The “ABC” test currently is used by a handful of states, most notably California, to determine whether an individual is properly classified as an employee or an independent contractor, and is a considerably stricter test for establishing independent contractor status than that currently applied under the FLSA. During the Committee hearings, Su noted that any change to the independent contractor analysis currently adopted by the DOL would require Congress to implement. Notably, the DOL issued a Notice of Proposed Rulemaking in 2022 to both withdraw a Trump-era Final Rule regarding the independent contractor analysis and to publish a new rule. The proposed rule, which has yet to be finalized, would return to the multi-factor analysis used by the Department for decades and which, in some variation or another, has been used by the federal courts throughout that time.

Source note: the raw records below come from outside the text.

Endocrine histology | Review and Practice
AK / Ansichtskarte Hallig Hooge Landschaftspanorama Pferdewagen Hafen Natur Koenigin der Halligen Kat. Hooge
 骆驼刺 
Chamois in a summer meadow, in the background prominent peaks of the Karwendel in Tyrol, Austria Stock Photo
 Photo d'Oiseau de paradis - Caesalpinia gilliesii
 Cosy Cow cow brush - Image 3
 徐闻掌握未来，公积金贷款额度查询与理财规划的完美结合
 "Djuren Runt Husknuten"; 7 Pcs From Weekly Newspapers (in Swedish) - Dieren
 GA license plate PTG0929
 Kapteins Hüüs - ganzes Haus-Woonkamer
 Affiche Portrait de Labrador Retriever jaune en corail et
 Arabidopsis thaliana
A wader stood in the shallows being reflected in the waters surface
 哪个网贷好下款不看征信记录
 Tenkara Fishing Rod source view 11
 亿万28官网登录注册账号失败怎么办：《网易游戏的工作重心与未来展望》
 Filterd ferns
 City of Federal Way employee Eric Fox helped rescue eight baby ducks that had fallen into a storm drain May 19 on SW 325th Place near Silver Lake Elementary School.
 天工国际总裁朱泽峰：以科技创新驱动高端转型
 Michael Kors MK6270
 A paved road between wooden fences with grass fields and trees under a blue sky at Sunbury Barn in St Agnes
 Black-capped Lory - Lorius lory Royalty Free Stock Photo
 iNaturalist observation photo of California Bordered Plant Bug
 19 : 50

Similarly, Su testified that currently the DOL has no intention of issuing a new joint employer rule. The DOL likewise withdrew a Trump-era rule on the issue (subsequently vacated in large part by a New York federal court) and Su stated that the analysis is “fact-specific test” that will continue to “stand [ ] based on case law that has been developed over several decades.”
In addition to the pending nomination of Su as Secretary of Labor, Biden’s nominee for the head of the DOL’s Wage and Hour Division, Jessica Looman, remains to be confirmed by the full Senate, having been favorably reported out of the Committee.